Now a thought can point to ~/.claude/plans/humble-gliding-thunder.md with kind: 'plan' and label: 'cerebellum master plan'. Semantic search for "master plan" still works via the thought's content and embedding — but thought_refs means the brain knows where things live, not only what they contain.

Add to the thoughts table: context (episodic anchoring), importance (1–5, orthogonal to confidence), recalled_count (rehearsal tracker), occurred_at (when it happened vs when it was captured), expires_at (TTL for temporary facts), and promote type from JSONB to a first-class indexed column.

What I Learned About Multi-Agent Design

The process taught me something about how to use AI agents on architecture problems. Running three agents with different specializations in parallel isn't three times the work — it's a different kind of work entirely. Each agent has blind spots shaped by its mandate:

The adversary finds what's broken but can't propose what to build.
The designer proposes what to build but may not stress-test it against market reality.
The market researcher knows what others have built but can't map it to your specific codebase.

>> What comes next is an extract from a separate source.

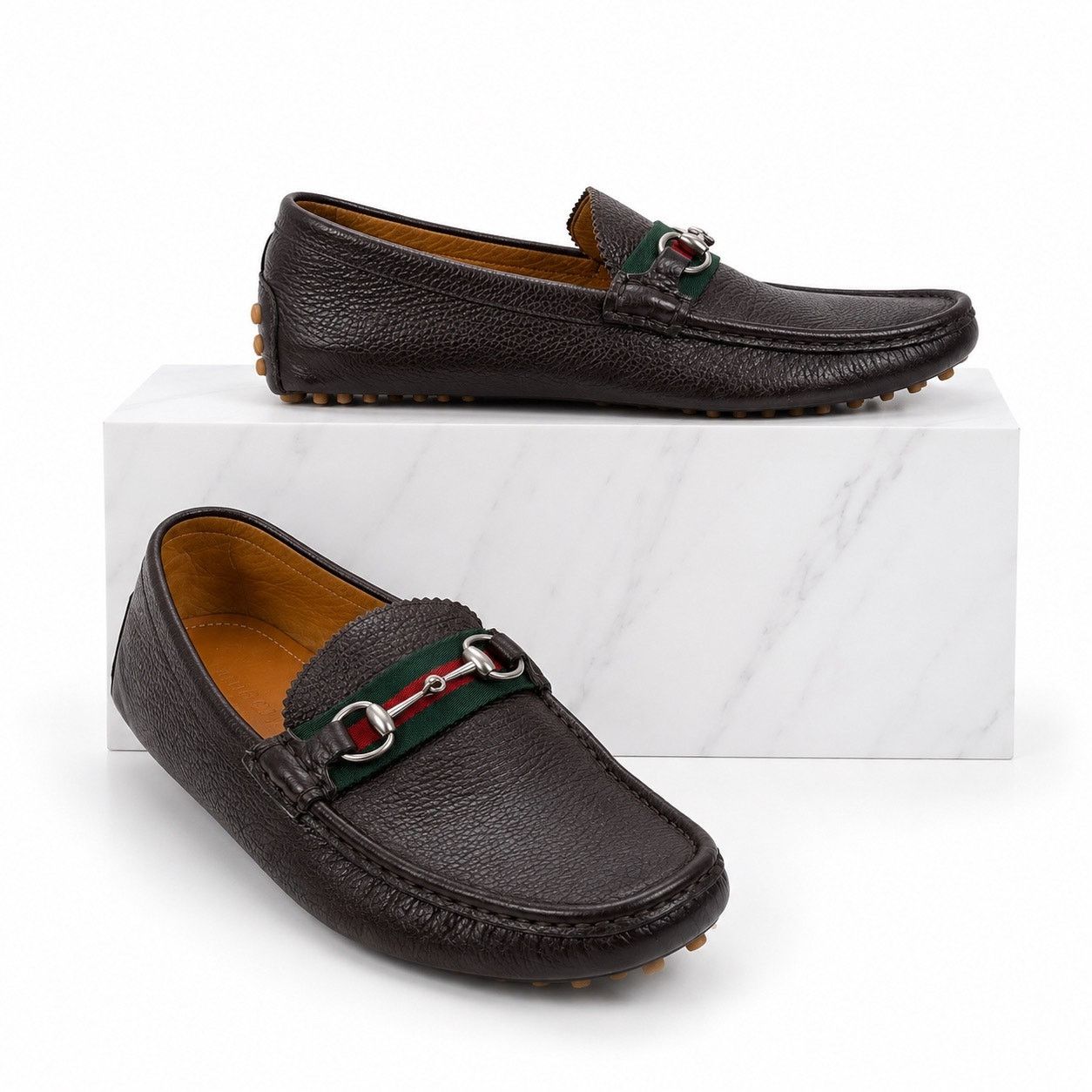 Gucci Men\'s Brown Leather Horsebit Loafers with Green-Red Web US 11 Driving Gucci Horsebit Loafers Brown Men 11 Leather Slip-On Dress  main image 3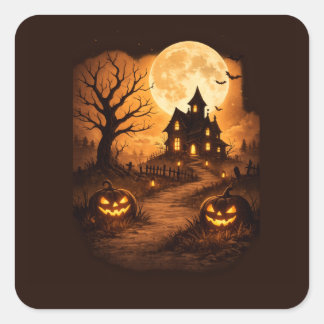 Spooky Haunted House Halloween Square Sticker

The synthesis — deciding what to keep, what to drop, where the agents agree and where they diverge — that's still a human job. The agents converged on the graph table and entity normalization. They diverged on whether to keep parent_id/superseded_by (the cognitive designer wanted to keep them for structural lineage; the adversary wanted them gone; the final call was to drop them). They diverged on the storage model (append-only events vs. mutable documents vs. LLM-driven state). Those divergences are where the actual design decisions live.

I'm becoming convinced that for any system design question worth asking, the right move is to spin up multiple specialized perspectives and look for convergence. Not because any single agent is unreliable — but because convergence from independent analysis is a higher-confidence signal than any single deep dive.

What's Next

This architecture review is now the roadmap for Sprint 2. The changes break down into:

Schema v3 migration — add new columns, create new tables, migrate data.
Entity normalization pipeline — extract and deduplicate entities from existing thoughts, wire into the capture pipeline.
assemble_context() deployment — replace search_thoughts as the primary retrieval function.
thought_refs in the capture pipeline — let thoughts point at files, URLs, plans.
recalled_count integration — wire bump_recalled() into the MCP search tool response path.
expires_at support — TTL-based cleanup for temporary facts.

The irony isn't lost on me. I started by asking "can I add refs to thoughts?" and ended up redesigning the memory model. But that's how architecture works — you pull one thread and discover the sweater was held together by assumptions.

The brain that couldn't find its own blueprint is about to get the surgery it needs. And this time, there'll be a thought pointing to the plan file.

cerebellum is open source at github.com/jj-valentine/cerebellum. Part of a larger agentic infrastructure stack: cerebellum for memory, CEREBRO (prev Agent HQ) for orchestration and governance. More on those when they're fully ready.